As the American- and British-led invasion of Iraq unfolds, what people see
and read around the world still largely depends on where they live and on
the stance their governments have taken. Many editorials have been
relentlessly critical of the United States. But there is better access to
and more information about this war than during any recent conflict.
The BBC has mounted one of its most ambitious broadcast operations, with
some 200 journalists and technicians deployed in Iraq and 12 nearby
countries, including three correspondents and crew members in Baghdad. It
is operating seven satellite dishes and broadcasting coverage 24 hours a
day on television, radio and the Internet. The network's 10 p.m. news
program Thursday drew 7.6 million viewers, its largest news audience since
the Sept. 11, 2001, attacks, according to a spokeswoman.
Britain's Sky News and ITN have also dispatched news crews to the region.
Three members of an ITN crew were reported missing outside the southern
Iraqi city of Basra after fighting broke out there.
British newspapers have also produced blanket coverage. The tabloids
generally have fallen in behind the government and its armed forces. The
Sun, in a 3 a.m. "war edition" this morning, called Friday night's
bombardment of Baghdad "hypnotic and horrifying," but laid the blame for
any civilian casualties "squarely on the shoulders of the wicked dictator,"
Saddam Hussein.
One exception has been the antiwar Daily Mirror, which headlined Friday
night's attack "Shocking and Awful." The Mirror has tried to straddle the
line, supporting British forces while attacking the government. "Troops are
heroes, the war's insane," read one headline.

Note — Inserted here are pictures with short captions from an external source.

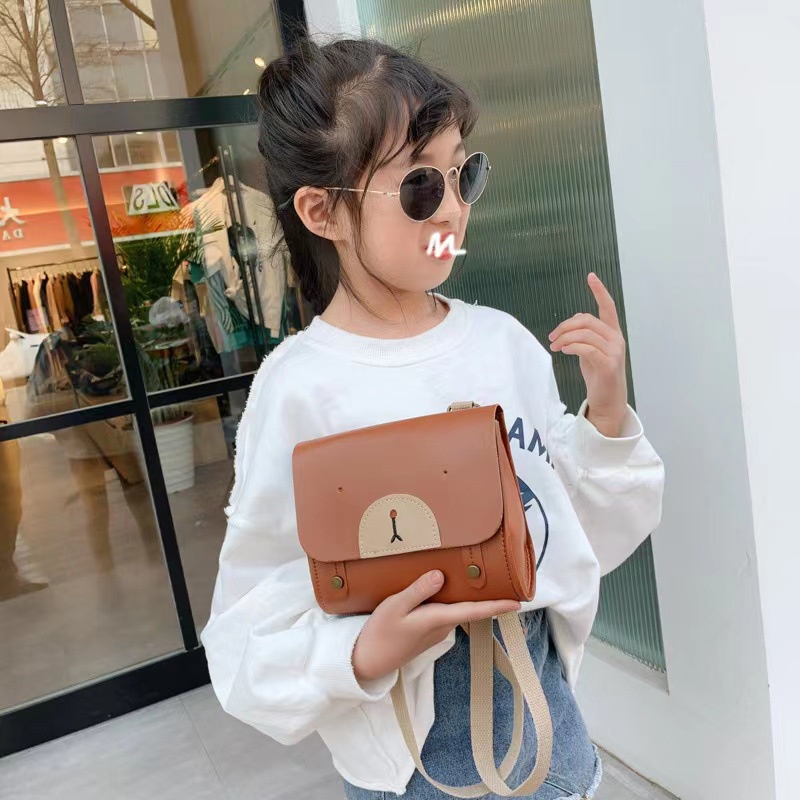 Hoạt Hình Balo Đi Học mini Dễ Thương Cho Bé Gái Mẫu Giáo 1-3 Tuổi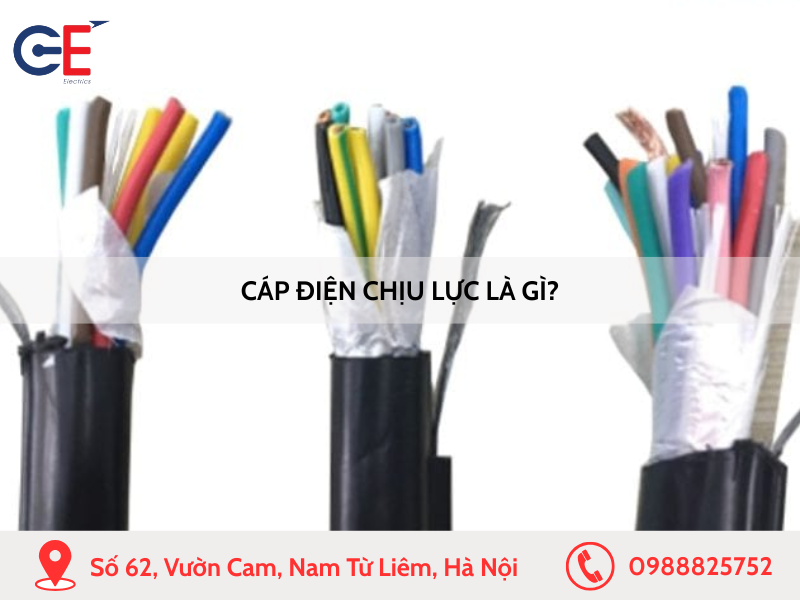 Cáp điện chịu lực là gì?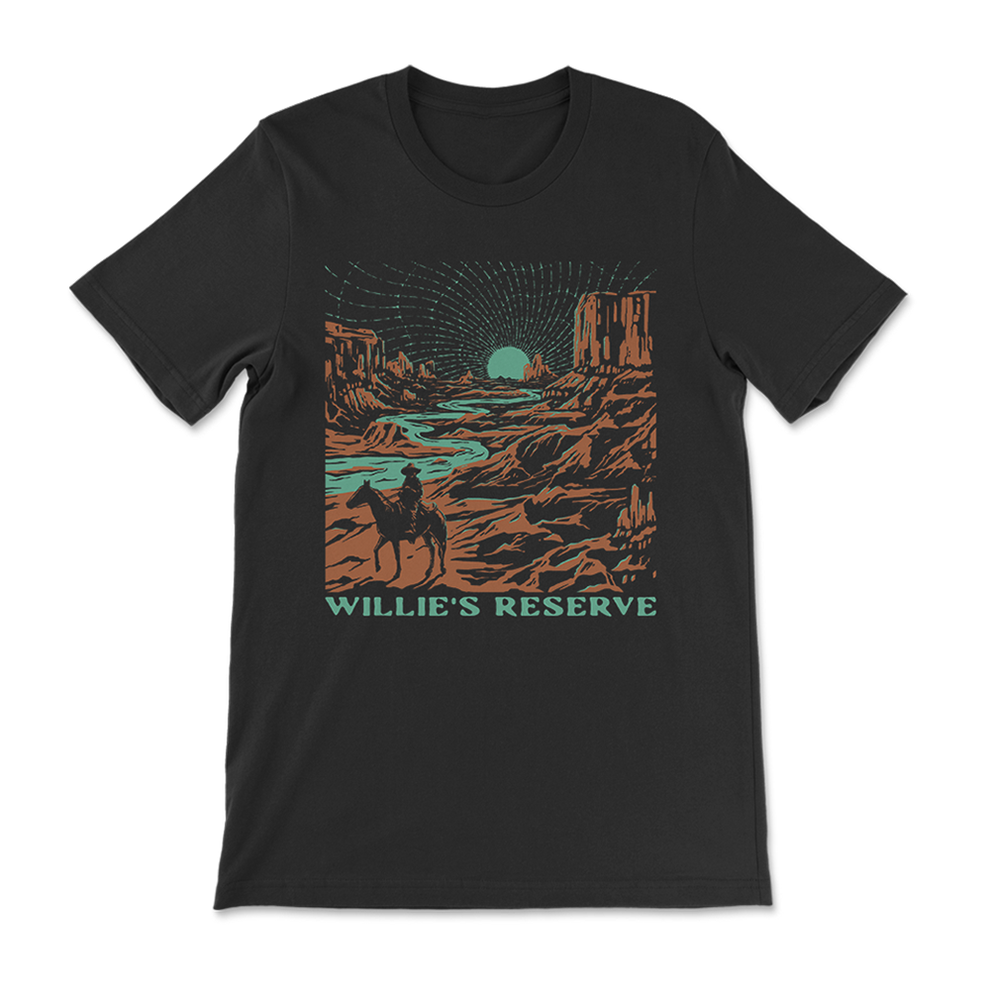 Willie's Reserve Horseback TShirt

France, which opposes the war, has no troops in the field. But the story of
the war has taken up more than half the space allotted to news coverage in
papers, and the bulk of time on television as well. Most of the newspaper
coverage has been straight reporting -- although there are signs of an
antiwar or anti-American perspective. Friday's edition of the
left-of-center Le Monde carried the large lead headline, "The American war
has begun."
The Arab news media generally succumbed today to feelings of frustration
and overall gloom as U.S.-led troops surged further into Iraq.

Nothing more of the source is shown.